PRINGSEWU24 - Meski belum dibuka tahapan oleh KPU, Konstelasi politik jelang pilkada Tulangbawang 2017 mendatang  mulai memanas. 

Pilkada Tuba yang sebelumnya diprediksi hanya akan mengerucut ke dua calon kuat yakni petahana Hanan-Heri Wardoyo (Handoyo) dan Anggota Komisi II DPR RI Frans Agung Mula Putra, kini muncul satu nama lain yakni Ketua DPC PDIP setempat Winarti.

Memang nama Winarti sendiri bukan nama baru yang muncul secara tiba-tiba jelang pilkada Tuba. Justru, Winarti telah lebih dulu menyatakan niatananya untuk maju sebagai calonkada dengan Banner-banner partai yang sudah ia pasang sebelumnya.

Namun, karena ada peraturan yang melarang Ketua DPRD di Provinsi, maupun kabupaten/kota mencalonkan diri menjadi kepala daerah, langkah Winarti sempat terhenti. Ketua DPRD Tuba ini akhirnya batal mencalonkan diri melalui pintu DPC maupun DPD.

Akan tetapi, pada 27 April lalu, secara tiba-tiba dirinya datang ke Jakarta untuk mengikuti fit and proper tes bakal calon di DPP PDIP. Saat dikonfirmasi, dirinya mengakui bahwa DPP PDIP telah mengundangnya untuk mengikuti uji kelayajan dan kepatutan balonkada.

''Ya, kita diundang langsung sama DPP melalui DPP, karena DPD yang memberitahu saya,'' ujar Winarti

Hal ini memberikan sinyal untuk calon lain, jika perahu PDIP tak serta merta diberikan begitu saja untuk calon lain. Sebab, PDIP memiliki stock kader yang dinilai mumpuni untuk menjadi pemimpin.

''Kita yakin, partai akan merekom saya maju, karena segala sesuatunya yang berkaitan dengan sosialisasi sudah kita siapkan. Mohon doanya,'' kata dia.

Keyakinan Winarti sama halnya dengan keyakinan di diri Frans Agung. Pasalnya, meski sampai saat ini belum mendapatkan perahu partai, Anggota Komisi II DPR RI ini yakin akan mendapatkan rekomendasi dari semua parpol yang ia ikuti penjaringannya. 

''Komunikasi kita masih terus berlanjut. Saya juga meyakini rekomendasi yang sudah diumumkan oleh salah satu partai politik (Nasdem, red), masih ada kemungkinan berubah.
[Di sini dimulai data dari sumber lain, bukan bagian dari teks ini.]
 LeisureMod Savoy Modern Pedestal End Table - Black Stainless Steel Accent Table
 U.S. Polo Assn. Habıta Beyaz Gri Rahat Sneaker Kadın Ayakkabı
Karena itu, saya masih optimis mendapat dukungan perahu di Pilkada Tulangbawang tahun 2017 mendatang,'' yakinnya.

Frans menjelaskan, bahwa dirinya saat ini sudah melakukan komunikasi secara intens kepada beberapa pengurus partai politik, baik Hanura, PKB, Nasdem, PAN, dan PDIP.

"Sejauh ini komunikasi sudah intens, akan tetapi semua saya serahkan kembali ke DPP. Saya juga baru selesai fit and propertest," ujarnya, saat menghadiri Rakerda PDIP di Hotel Novotel Bandarlampung (30/4). 

Untuk persiapan menghadapi pilkada Tulangbawang, lanjutnya, Frans mengaku sudah membentuk tim relawan di tiap-tiap desa hingga tingkat ranting, untuk membantunya memenangkan pilkada Tulangbawang mendatang.

"Di 150 desa sudah membentuk tim relawan. Untuk banner juga sudah banyak kita pasang bahkan hingga tingkat RT," jelasnya.

Dirinya juga akan menjual program unggulan kepada masyarakat seperti bidang pendidikan, wirausaha, peningkatan Sumber Daya Manusia (SDA), pembangunan infrastruktur, listrik, hingga pemberian Honor kepala RT. Tujuannya agar bisa meyakinkan masyarakat untuk memilihnya menjadi Bupati Tuba 2017 mendatang.